Librarian Cele Wolf and library board treasurer Russell Gilbert discussed the budget situation with the Soldiers Grove Village Board’s General Government and Finance Committee prior to the regularly scheduled village board meeting last Thursday, Nov. 14.

In addition to receiving $27,881 from Crawford County in 2014, the library also receives smaller amounts from Vernon ($2,324), Richland ($422), and Grant  ($47) counties for services it provides to residents of those counties. However, most of the lost county revenue for the Soldiers Grove Public Library is the result of a reduction from Crawford County, which reduced the amount of aid for 2014 by $7,222 from the 2013 amount.

Actually taken cumulatively, the smaller contributions from the other counties went up $39 from 2013 to $2,793,

For its part, the contribution of the Village of Soldiers Grove to the 2014 budget is the same as it has been for the past two years, that’s $44,425. The village reduced its contribution by $3,839 in the 2012 budget. That reduction, which reduced overall spending, is one reason the county spending was reduced in the 2014 budget. The county contribution is based on the overall size of the library’s budget.

How bad is the budget gap between spending and revenue?

Gilbert, the library board treasurer, presented a budget that called for $84,350 in spending—that’s up slightly from the 2013 budget of $82,267 in spending. The proposed budget called for an increase in salary and benefits for the librarian of $790 to offset increased costs for retirement and health insurance. Another increase was an additional $500 for the WISCAT program that connects the library through computers to other libraries in the area and around the state.

Additional increased costs in the 2014 proposed budget include $34 more for computers, a total cost of $6,500; $250 more for cleaning, a total cost of $1750; and a $500 increase in utilities, a total cost of $3,000.

The 2014 budgeted revenue of $75,099 for 2014 would not even cover the costs of 2012, which at $78,805 was the lowest budgeted amount in the last three years.

Gilbert urged the board to find a way to restore the $3,839 reduction in village support enacted in the 2012 budget.

While village trustees pledged their support to the library, they urged the library board and staff to find ways to stay within the budgeted $75,099.

“Our budget is shot,” village trustee Shayne Chapman told Gilbert and Wolf. “We would have to dip into the general fund to cover putting $3,900 into the library budget.”

Village trustee Jerry Moran said the village board was committed to holding the line on the budget.

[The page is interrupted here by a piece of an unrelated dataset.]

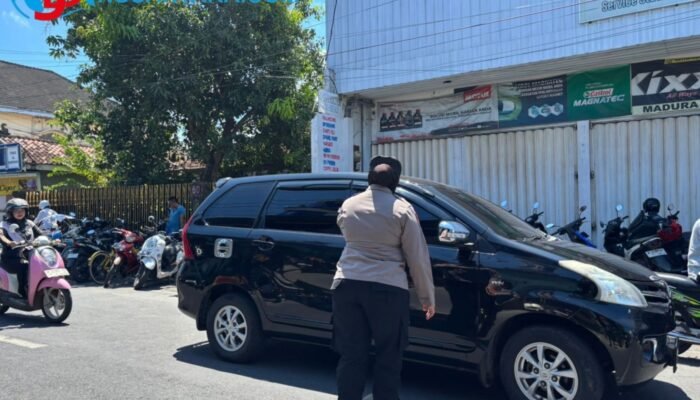 Dedikasi di Bawah Terik: Polwan Polres Sumenep Pastikan Kelancaran Ibadah Jumat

“There’s no way this village can cut anymore than we’ve already cut from this budget,” Chapman said.

“You need to go with the number you’re getting and try to make that work and then come back to the board and report the situation,” village president Laurel Hestetune said. He told the librarian and library board treasurer to plan on making a report on the situation in six months.

Village trustee Jim Helgerson pledged the board would help out the library.

Gilbert asked the board to consider paying additional money to cover increases in retirement and health insurance payments that the fulltime librarian would face in the coming year and the board agreed to raise the total budget by $790 to $75,889 to cover those increased personnel costs.